Ad Ayacucho si chiede invece che vengano ritirate le truppe nordamericane dislocate nel territorio nel compimento di azioni umanitarie di vario tipo.
A Trujillo la protesta sarà contro la privatizzazione del porto di Salaverry e così via via in tutto il paese si protesta e si manifesta contro gli innumerevoli e diversi aspetti di una politica neoliberale che sta svendendo le enormi risorse e ricchezze ai capitali stranieri e che sta facendo del Perù uno degli ultimi alunni modello del FMI e della BM della regione.
Si protesta per migliori condizioni lavorative come per diritti sindacali ancora spesso negati, contro attività estrattive in zone ad elevato interesse turistico, così come per il pagamento di prezzi più giusti per le produzioni locali quali ad esempio quella del cotone.
Una protesta a tutto tondo che deve fare particolarmente paura al governo viste le imponenti misure di sicurezza adottate per i prossimi giorni e l’imponente militarizzazione in atto nel paese.
Con la Risoluzione Suprema n. 242-2008-DE pubblicata nella giornata di ieri nel quotidiano “El Peruano” il governo del presidente Alan García ha disposto infatti che sia l’Esercito che la Forza Aerea mettano a disposizione uomini e mezzi per questi due giorni di sciopero nazionale. Un coro di voci unanime si è levato contro la misura disposta dal governo, definita come “incostituzionale” e “pericolosa per la democrazia” da alcuni analisti politici e sociali del paese.
Molti dirigenti sindacali responsabilizzano il governo per qualsiasi episodio di violenza possa accadere nei prossimi giorni in quanto affermano, mettere le Forze Armate per strada “è una provocazione” e una risposta “estremamente sproporzionata” alla una protesta “legale e prevista dalla Costituzione” come ha dichiarato Carmela Sifuentes presidente della CGTP.
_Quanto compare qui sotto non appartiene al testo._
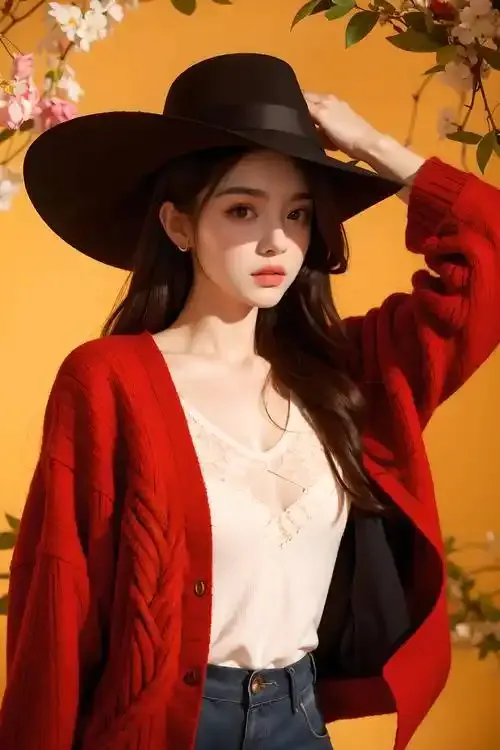 91yo.cc直播观看演艺展示图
La stessa CGTP conferma inoltre che elementi dell’esercito sono infiltrati in tutto il paese. A Trujillo soldati si sono insediati senza previa informazione ai responsabili, nella centrale di distribuzione dell’acqua potabile, lo stesso è avvenuto nelle centrali elettriche e in alcuni aeroporti di altre località.
Si denunciano inoltre infiltrazioni da parte di elementi vicino al partito aprista nell’organizzazione sindacale, con lo scopo di dividerla al suo interno in modo da sabotare l’adesione allo sciopero e le iniziative future.
Quello che è certo è che sembra una guerra sporca che il governo sta conducendo nel peggiore dei modi contro una legittima protesta del popolo che vuole solo ricordare al suo presidente le innumerevoli promesse incompiute della sua campagna elettorale.